Life doesn’t get much better for me than when I’m demonstrably misrepresented by prominent gender feminists. I was (erroneously) branded a liar – twice – by Julie Bindel in the course of my talk in the Durham University debate. It’s a memory I’ll treasure to the end of my days. A supporter has just drawn my attention to a piece written by Laurie Penny for the New Statesman, published online three days ago:
The article appeared originally in the print edition, published 21 March.
I met Ms Penny sometime around Xmas. She’d contacted me while I was staying with friends in London, requesting an interview. When we met, I proffered my hand to shake hers, as is my custom. She visibly flinched but shook it anyway, as she had on the only previous occasion I’d met her, when she’d sat next to me on a bench at Covent Garden tube station. Initially I’d mistaken her for Kat Banyard, another gender feminist ray of sunshine, to whom J4MB presented the following award today:
140329 Inaugural Lying Woman of the Month award certificate – Kat Banyard
We had a coffee – she paid, I didn’t want to be accused in her article of ‘benevolent sexism’ – at a coffee shop of her choosing in London. I’d politely declined her earlier suggestion of meeting in a public house in Soho.
I was carrying a suitcase because I’d stayed the previous evening at a friend’s place in London, and was due to spend that evening at another friend’s place in London, before returning home the next day. My only reason for relating these mind-numbingly boring details is that they relate to areas in which Laurie Penny misrepresented me in her article, in the first of the following paragraphs:
Some months ago, in a nondescript London coffee shop, I met Mike Buchanan, a “men’s rights” activist and the leader of the small, single-issue party Justice for Men and Boys. The former procurement worker, in his mid-fifties, was dragging a suitcase – he described himself as between homes and without a stable job and was moving from one friend’s sofa to another’s that day. It was only a few years ago, when he was looking for work and “a huge woman” turned him down for a job in public-sector procurement, that Buchanan realised that women had too much power.
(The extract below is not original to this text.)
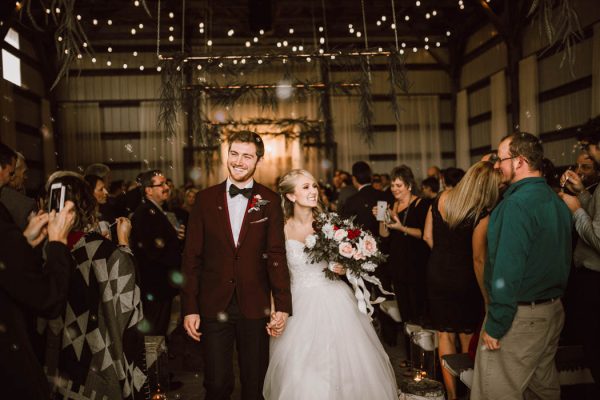 elegant-marsala-and-champagne-manitoba-wedding-at-the-rustic-wedding-barn-ariana-tennyson-photography-49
“I think men are trashed, as you go down the social scale,” was one of the first things he told me. “As you go down the social scale, men are totally disposable. A man on the minimum wage – what chance does he have?”
Now, what’s inaccurate in just one paragraph?
Far from being a ‘single issue’ party, we’re making proposals in 20 areas. Our public consultation document detailing those areas is downloadable from the menu.
The ‘job in public-sector procurement’ was a consulting assignment, as I explained to Ms. Penny.
‘… he described himself as between homes…’. No, I didn’t. I explained I’d stayed overnight with a friend in London (where I don’t live).
‘… he described himself as… moving from one friend’s sofa to another’s that day…’. I said I was staying overnight with another London-based friend that evening.
‘…he described himself as… without a stable job…’. No, I didn’t. I retired about four years ago from business consulting, and haven’t sought work since. I’ve been offered a number of well-paid consulting assignments over that period, and turned them all down.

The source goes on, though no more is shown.